(Short descriptive text snippets)
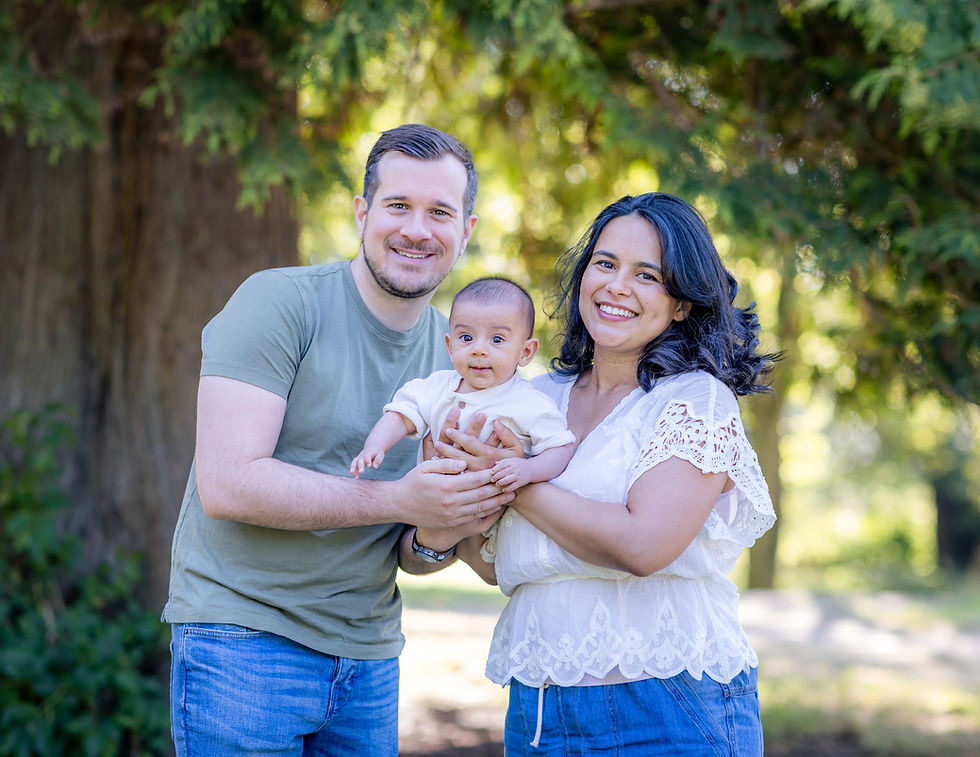 Outdoor Baby Photography in Bristol – Why You Don't Need a Studio for Beautiful Family Photos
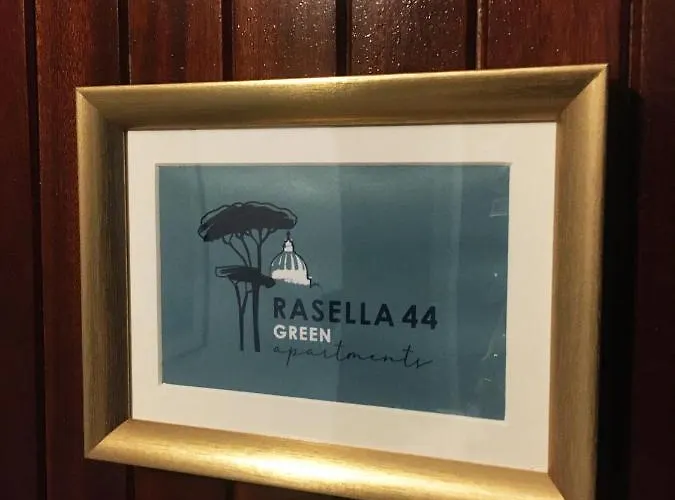 Rasella44, * Рим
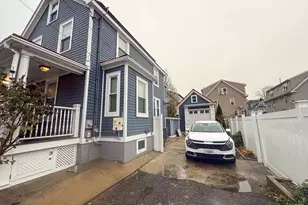 92 Spencer St, Boston, MA 02124 - Photo 9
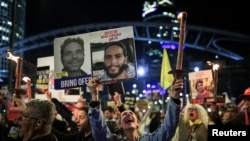 ২০২৩ সালের ৭ অক্টোবর হামাসের হামলায় অপহৃত ইসরায়েলি পণবন্দিদের সমর্থকরা একটি চুক্তির দাবি জানিয়ে বিক্ষোভ করছেন।তেল আবিব, ইসরায়েল,১৩ জানুয়ারি,২০২৫।
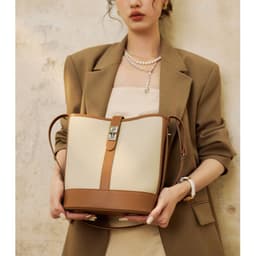 image-Large Capacity Women's Cowhide Bucket Shoulder Bag
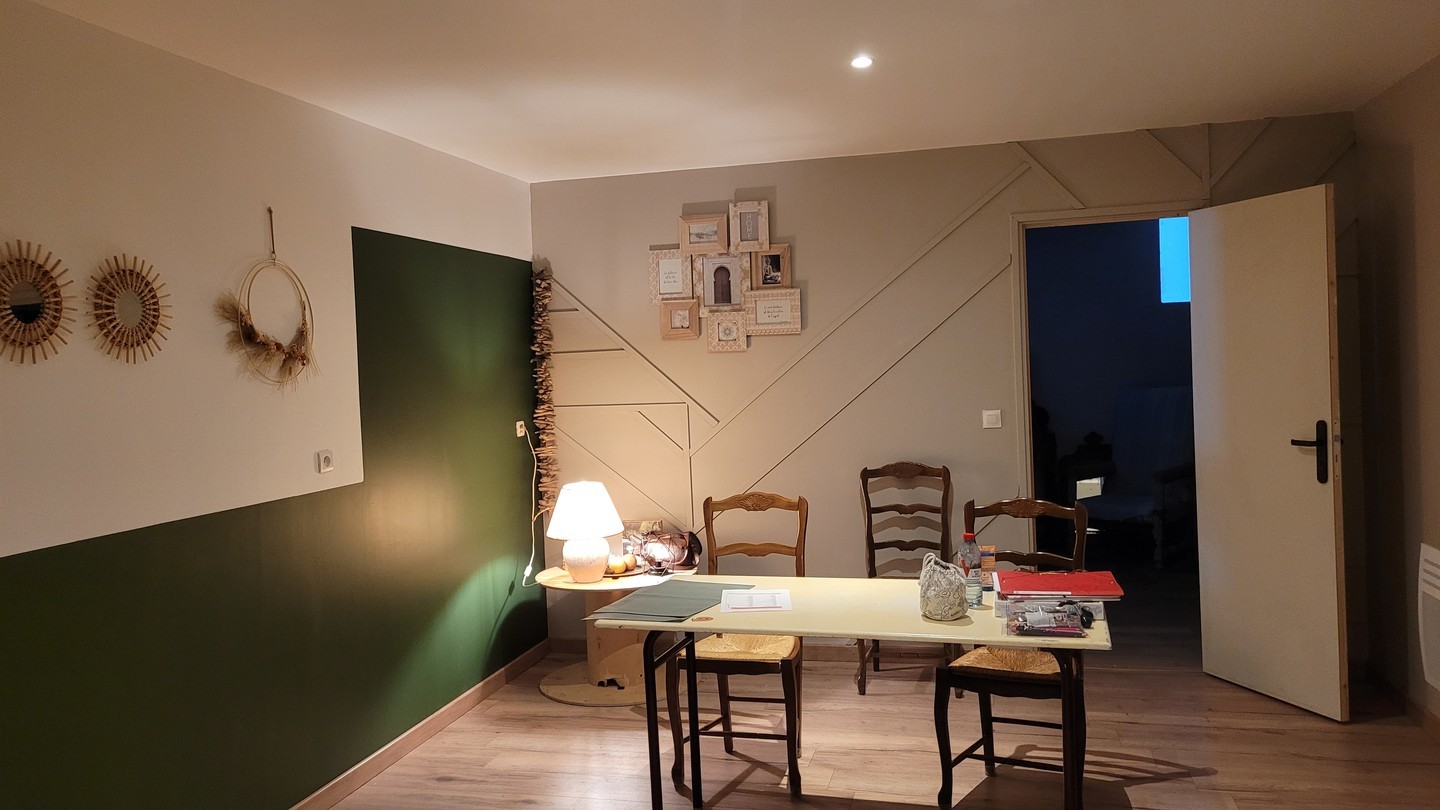 Atelier socio-esthétique pour personnes atteintes d'Alzheimer à l’initiative de la Fédération Familles Rurales d’Indre-et-Loire dans un local aménagé à Château-la-Vallière (37).
L’objectif de la Fédération Familles Rurales d'Indre et Loire est de proposer un atelier socio-esthétique d’1h30 aux bénéficiaires pendant que les aidants (famille) sont réunis en groupe de parole afin d’évoquer leur quotidien ponctué par la maladie de leurs proches.
Objectif de l'atelier du jour : motricité et stimulation de la mémoire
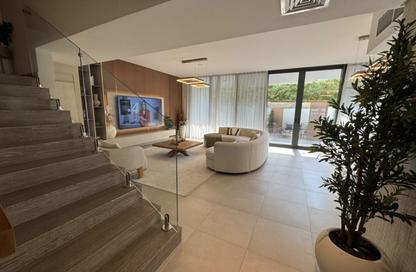 Villa - 5 - 7 for sale in Hamriyah Free Zone - Sharjah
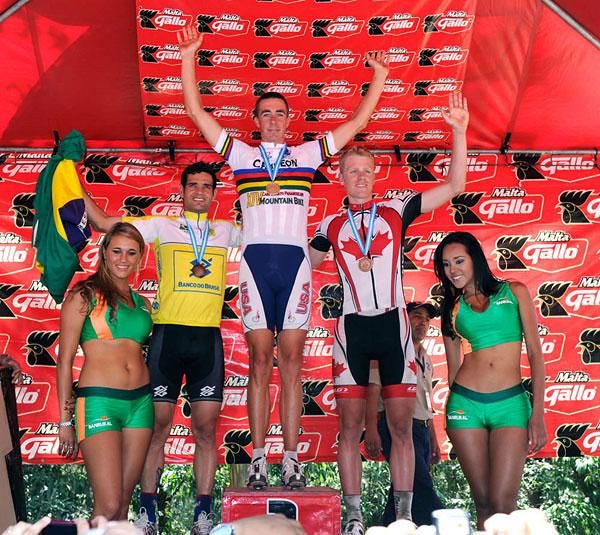 The elite men's podium (l-r): Rubens Valeriano, Todd Wells and Max Plaxton.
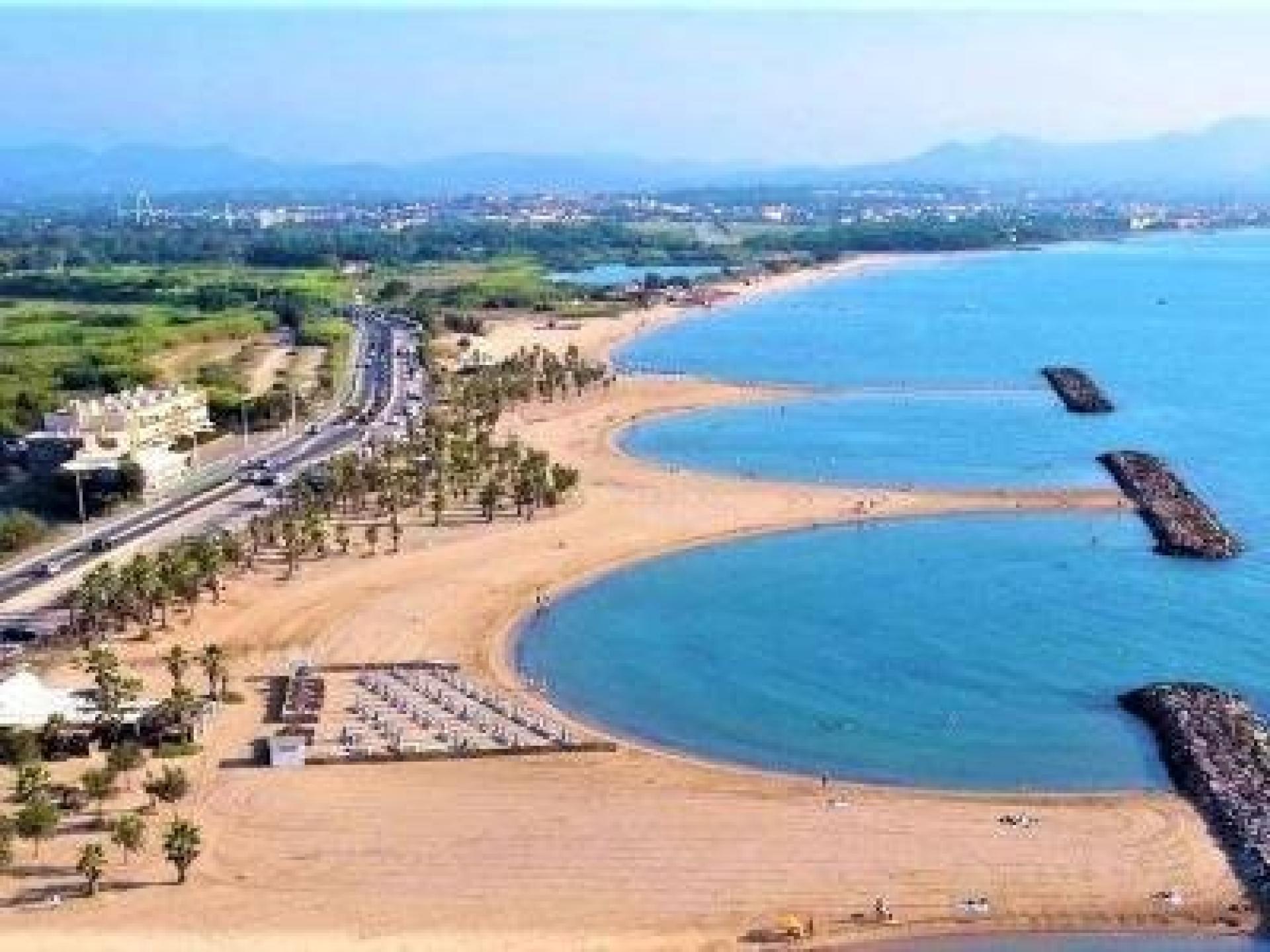 Photo 17 of the listing.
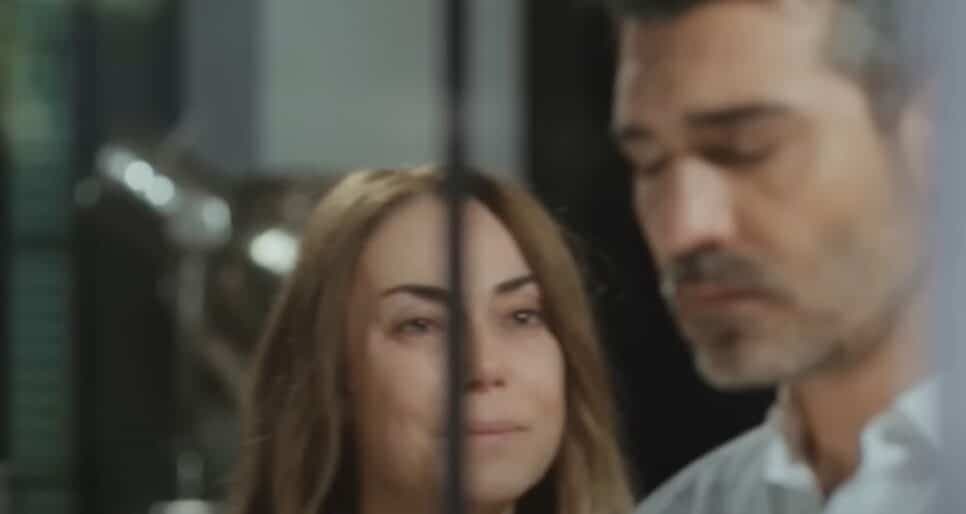 Julide, mãe de Sarp, vai ao encontro de atual esposa do filho (Foto: Reprodução/ Record TV) Julide, mãe de Sarp, vai ao encontro de atual esposa do filho (Foto: Reprodução/ Record TV)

## Assignment:
Pictures are to be left out when the entries above are repeated exactly.

## Task answer:
 Outdoor Baby Photography in Bristol – Why You Don't Need a Studio for Beautiful Family Photos
 Rasella44, * Рим
 92 Spencer St, Boston, MA 02124 - Photo 9
 ২০২৩ সালের ৭ অক্টোবর হামাসের হামলায় অপহৃত ইসরায়েলি পণবন্দিদের সমর্থকরা একটি চুক্তির দাবি জানিয়ে বিক্ষোভ করছেন।তেল আবিব, ইসরায়েল,১৩ জানুয়ারি,২০২৫।
 image-Large Capacity Women's Cowhide Bucket Shoulder Bag
 Atelier socio-esthétique pour personnes atteintes d'Alzheimer à l’initiative de la Fédération Familles Rurales d’Indre-et-Loire dans un local aménagé à Château-la-Vallière (37).
L’objectif de la Fédération Familles Rurales d'Indre et Loire est de proposer un atelier socio-esthétique d’1h30 aux bénéficiaires pendant que les aidants (famille) sont réunis en groupe de parole afin d’évoquer leur quotidien ponctué par la maladie de leurs proches.
Objectif de l'atelier du jour : motricité et stimulation de la mémoire
 Villa - 5 - 7 for sale in Hamriyah Free Zone - Sharjah
 The elite men's podium (l-r): Rubens Valeriano, Todd Wells and Max Plaxton.
 Photo 17 of the listing.
 Julide, mãe de Sarp, vai ao encontro de atual esposa do filho (Foto: Reprodução/ Record TV) Julide, mãe de Sarp, vai ao encontro de atual esposa do filho (Foto: Reprodução/ Record TV)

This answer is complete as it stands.